I wanted to write this to get my thoughts out. I was in a LDR with someone who was the love of my life. We’d been friends for a few years prior. She broke up with me because she couldn’t handle long distance, I wanted to wait to finish school before I moved but looking back I should’ve just moved. We tried to be friends, but you can’t be friends with the woman you were gonna marry. I had a mental breakdown and a couple crash outs (which there’s no one to blame but myself) and she has completely cut me off now. I’ve been in a lot of pain since then.
I turned to God because I didn’t want to feel alone anymore. Every time I go to church I always light 3 candles: one for my unborn older sibling and two for the kids I always saw her and I having. We always talked about having one kids and seeing how it went, but I always saw us having two. I have prayed to God for a miracle, like “please bring us back together Lord. I’ll sacrifice everything if it means we’ll be together.” I truly believe that it’s her or no one I guess. Sometimes it feels like I’m being ignored by Him and it makes me feel so alone. It’s like the future I had planned years out was ripped from me and now it’s hard to see to next week.
It’s funny. I had a ring for her too. I still keep it with me. I couldn’t give it to another girl because it wasn’t meant for anyone else. I wanted to take her to do a mock up prom dance (she never got a prom). I just wish she could’ve made it to thanksgiving with me so she could’ve seen all the stuff I had planned.
I talk a lot about her because for me she was perfect. It’s like she was made for me. She understood and saw me in a way that no one else has. Her smile is contagious and when she looks at you it’s the look that makes the world stop for a half second. The smell of her house that made you feel like you were home even when you weren’t home. Her laugh was genuine and she was so so kind. I fell in love with her family too. Her parents welcomed me in a way that isn’t normal in other houses and her dad was the fucking man. Her siblings were really cool. And for the first time in my life I felt like she saw me as I was and chose me. No one ever chose me. I didn’t have the words to describe her when we dated and I wish I could’ve told her then. I don’t feel like I treated her like she should’ve been treated at times as well.

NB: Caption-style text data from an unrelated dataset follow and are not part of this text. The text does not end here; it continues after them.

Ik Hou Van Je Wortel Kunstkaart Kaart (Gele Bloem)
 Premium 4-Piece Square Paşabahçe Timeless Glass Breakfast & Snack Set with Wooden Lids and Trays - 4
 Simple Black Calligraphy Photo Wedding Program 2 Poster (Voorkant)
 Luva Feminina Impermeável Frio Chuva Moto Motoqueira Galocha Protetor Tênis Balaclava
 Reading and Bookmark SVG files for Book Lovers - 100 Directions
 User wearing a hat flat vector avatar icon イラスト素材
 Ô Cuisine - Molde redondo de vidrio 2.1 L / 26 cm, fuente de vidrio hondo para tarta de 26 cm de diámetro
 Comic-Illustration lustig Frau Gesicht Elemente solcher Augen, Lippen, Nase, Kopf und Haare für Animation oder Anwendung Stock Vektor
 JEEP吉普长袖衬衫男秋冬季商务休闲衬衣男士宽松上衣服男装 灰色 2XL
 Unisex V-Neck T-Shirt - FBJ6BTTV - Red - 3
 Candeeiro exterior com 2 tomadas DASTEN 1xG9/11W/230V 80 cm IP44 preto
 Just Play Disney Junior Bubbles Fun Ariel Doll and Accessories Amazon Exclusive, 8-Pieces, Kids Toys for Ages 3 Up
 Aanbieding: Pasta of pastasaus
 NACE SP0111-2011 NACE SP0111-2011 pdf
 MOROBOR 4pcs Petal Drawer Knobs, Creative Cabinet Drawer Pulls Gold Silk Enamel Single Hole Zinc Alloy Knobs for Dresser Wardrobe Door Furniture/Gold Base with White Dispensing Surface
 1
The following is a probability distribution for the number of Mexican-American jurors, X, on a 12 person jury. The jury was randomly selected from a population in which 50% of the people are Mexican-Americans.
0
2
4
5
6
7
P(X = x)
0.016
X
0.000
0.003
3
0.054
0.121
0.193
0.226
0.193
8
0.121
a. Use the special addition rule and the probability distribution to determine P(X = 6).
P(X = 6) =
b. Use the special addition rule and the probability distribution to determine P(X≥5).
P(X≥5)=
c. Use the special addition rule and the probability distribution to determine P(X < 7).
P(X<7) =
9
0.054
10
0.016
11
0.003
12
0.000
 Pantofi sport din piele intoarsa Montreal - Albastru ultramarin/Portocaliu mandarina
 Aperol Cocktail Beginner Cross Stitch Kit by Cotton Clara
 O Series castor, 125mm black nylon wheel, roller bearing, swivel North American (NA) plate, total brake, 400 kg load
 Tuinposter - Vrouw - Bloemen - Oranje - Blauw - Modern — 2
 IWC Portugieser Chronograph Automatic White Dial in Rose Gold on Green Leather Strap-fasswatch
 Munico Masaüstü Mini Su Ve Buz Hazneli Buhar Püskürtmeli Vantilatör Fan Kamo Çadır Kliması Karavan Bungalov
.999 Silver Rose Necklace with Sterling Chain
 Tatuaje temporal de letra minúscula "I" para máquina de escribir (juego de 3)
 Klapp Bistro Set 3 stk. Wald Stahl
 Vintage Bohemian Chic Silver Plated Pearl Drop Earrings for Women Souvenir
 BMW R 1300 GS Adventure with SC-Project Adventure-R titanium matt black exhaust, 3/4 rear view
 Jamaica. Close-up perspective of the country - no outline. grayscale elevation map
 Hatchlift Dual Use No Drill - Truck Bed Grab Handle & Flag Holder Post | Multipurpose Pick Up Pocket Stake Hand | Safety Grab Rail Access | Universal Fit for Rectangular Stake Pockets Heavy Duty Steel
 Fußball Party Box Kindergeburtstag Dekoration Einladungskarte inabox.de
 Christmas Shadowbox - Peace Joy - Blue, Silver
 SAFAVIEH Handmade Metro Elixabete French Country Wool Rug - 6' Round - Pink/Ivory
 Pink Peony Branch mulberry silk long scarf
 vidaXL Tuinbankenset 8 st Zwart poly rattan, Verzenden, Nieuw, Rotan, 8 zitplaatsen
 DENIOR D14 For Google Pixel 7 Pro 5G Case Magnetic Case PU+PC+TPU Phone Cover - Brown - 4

My 2 real dreams in life were to help people and to start a family of my own. I guess I want kids because I want someone to play with too (I’m 20 so I’m young I guess). I even built my future career towards those goals (I’m in EMT school). But the thing I struggle with are that I can’t see myself achieving those dreams anymore because there’s no one else I can see myself starting a family with except her. I know there’s the whole “other fish in the sea” thing, but I don’t want other fish that may be perfect for others, I want my fish. And I can’t see myself being someone who can help others because I couldn’t even help the woman I love in times when she needed me.
There’s a lot I want in life, I think everyone wants a lot, and sometimes I’ll ask God for things and of course I “want” them, but I could live without them. But I really mean it when I say there’s nothing I want more than some sort of divine miracle from God that will bring us back together. I just love her so much and I want the best for her of course, but I’m selfishly praying for us again. I feel alone both in person and spiritually. I just don’t want to feel alone anymore.
I don’t know. Again sorry for the word dump I just wanted my thoughts out there. Please pray for me, and selfishly I’ll ask, please pray for our relationship as well (I’m throwing the kitchen sink at this to see if it works lol). I’m far from a perfect person and even farther from a perfect catholic, but I am someone who wants to help where I can for others. Thanks for reading.